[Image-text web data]
┄┄┄┄┄┄┄┄┄┄

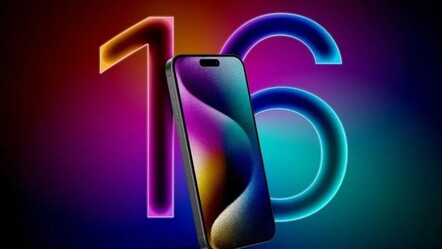 Apple'a göre iPhone 16 satışları patlayacak! En çok o modelin öne çıkması bekleniyor... - TEKNOLOJI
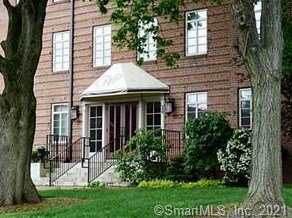 20 Outlook Ave #308, Hartford, CT 06119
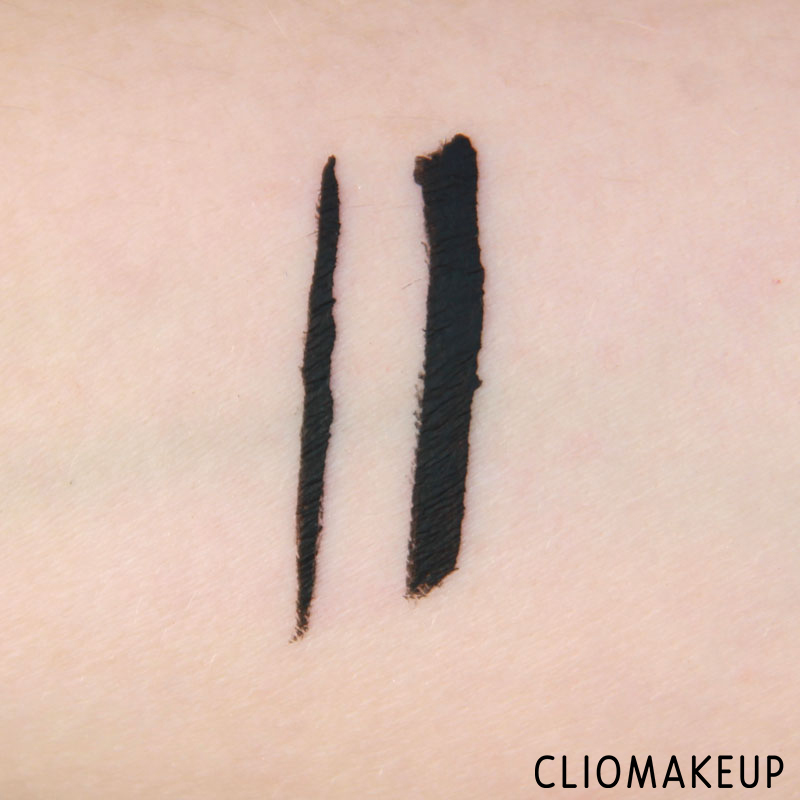 cliomakeup-recensione-super-precise-eyeliner-essence-8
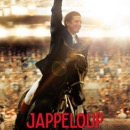 Gagnez le DVD "Jappeloup" avec Mona FM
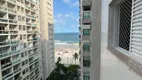 Foto 33 de Apartamento com 2 Quartos à venda, 160m² em Centro, Guarujá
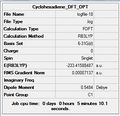 Thumbnail for version as of 16:04, 29 October 2012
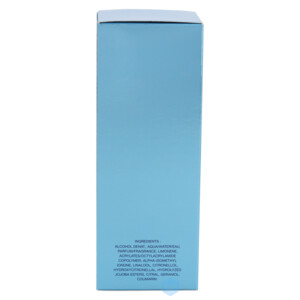 Davidoff Eau de Toilette Cool Water Woman - 31.39 euro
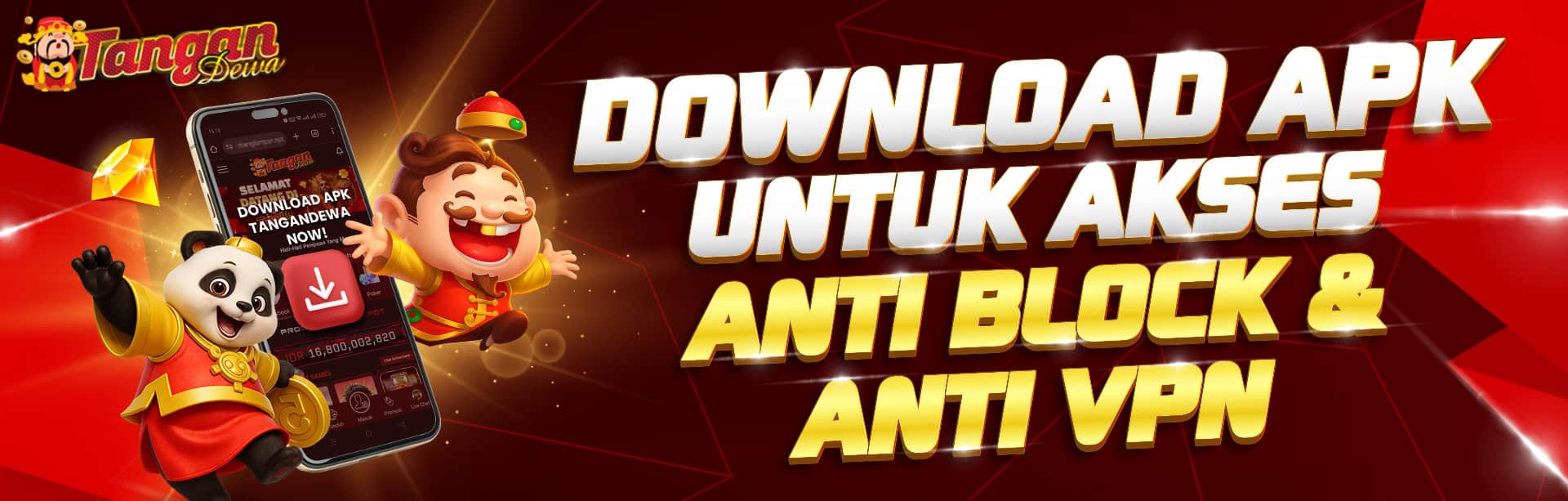 Best Quality Login Slot Games on the Official Tangandewa SiteBest Quality Login Slot Games on the Official Tangandewa Site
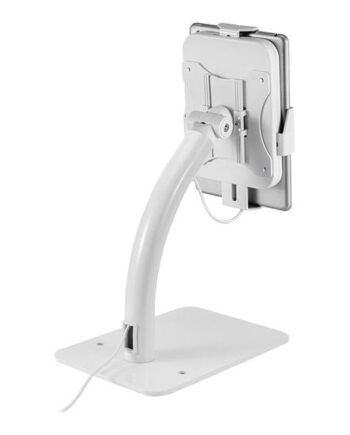 Neomounts Ds15-625wh1 Stativ For Tablet Hvid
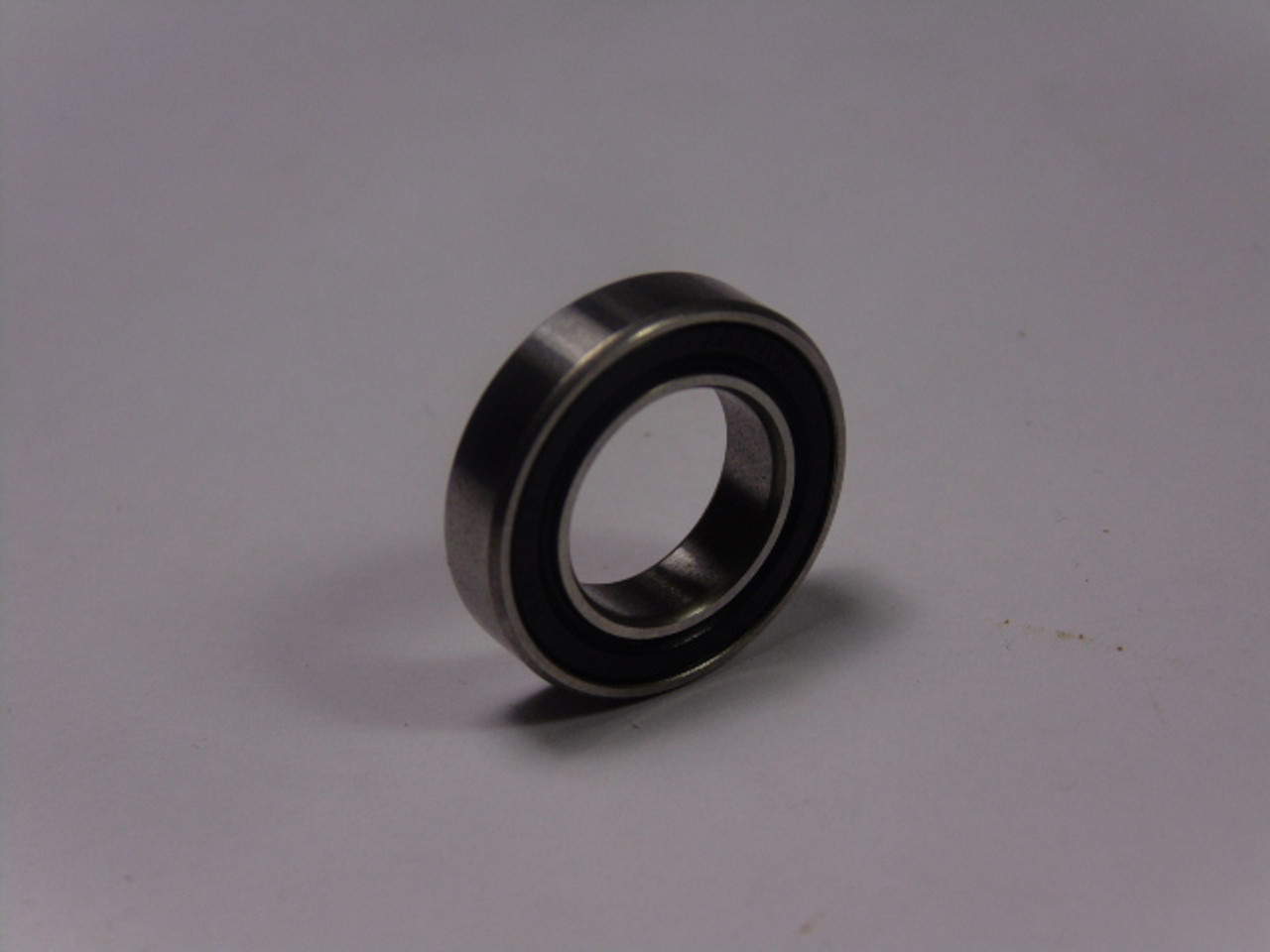 IJK 6801RS Ball Bearing 12X21mm ! NOP !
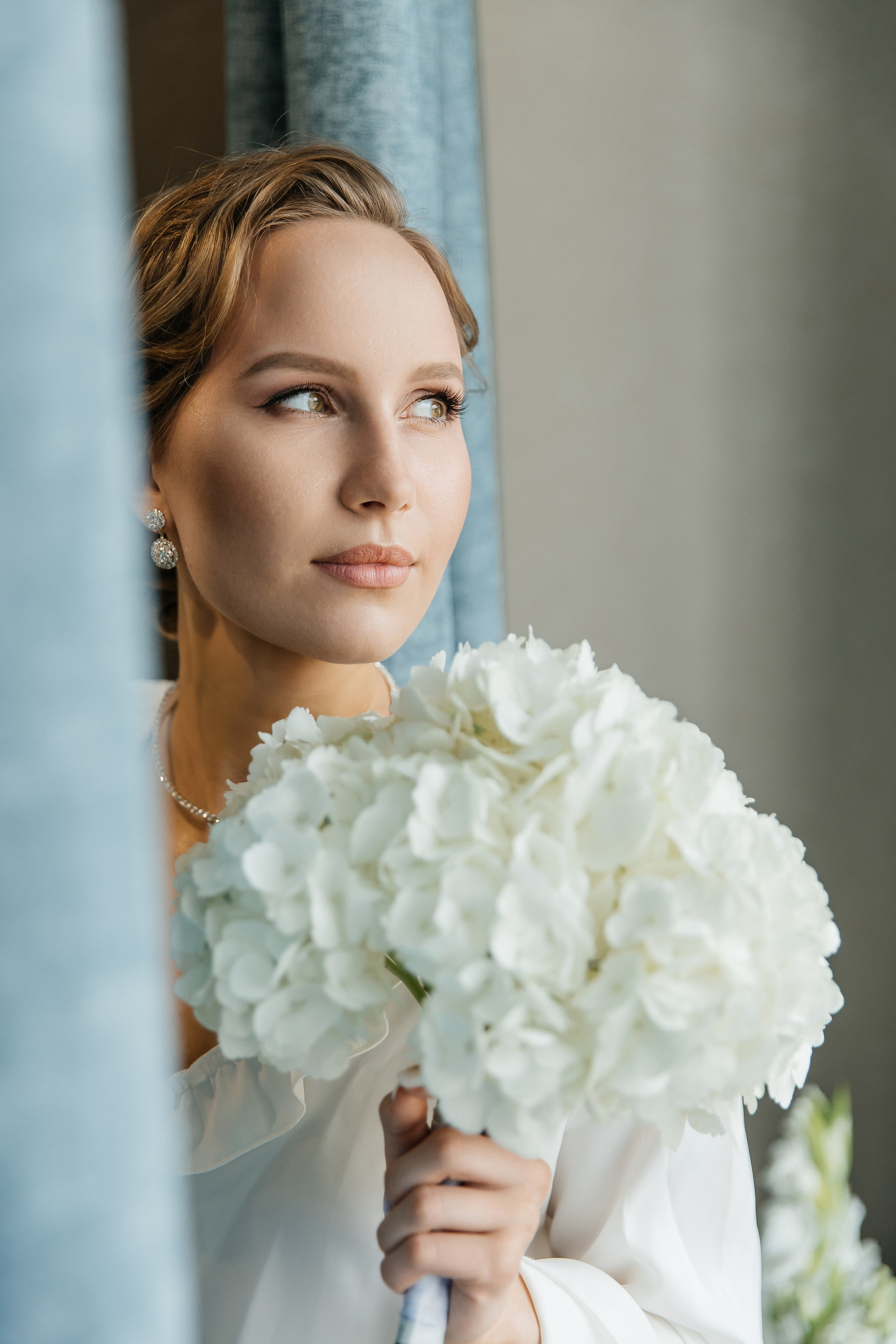 Фотограф Гуменюк Мария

┄┄┄┄┄┄┄┄┄┄

§ **Work to be completed**
Would you give again, exactly as written, the lines from the one containing "Foto 33 de Apartamento" through the end of the records, with no pictures and no other lines?

§ **Expected answer**
 Foto 33 de Apartamento com 2 Quartos à venda, 160m² em Centro, Guarujá
 Thumbnail for version as of 16:04, 29 October 2012
 Davidoff Eau de Toilette Cool Water Woman - 31.39 euro
 Best Quality Login Slot Games on the Official Tangandewa SiteBest Quality Login Slot Games on the Official Tangandewa Site
 Neomounts Ds15-625wh1 Stativ For Tablet Hvid
 IJK 6801RS Ball Bearing 12X21mm ! NOP !
 Фотограф Гуменюк Мария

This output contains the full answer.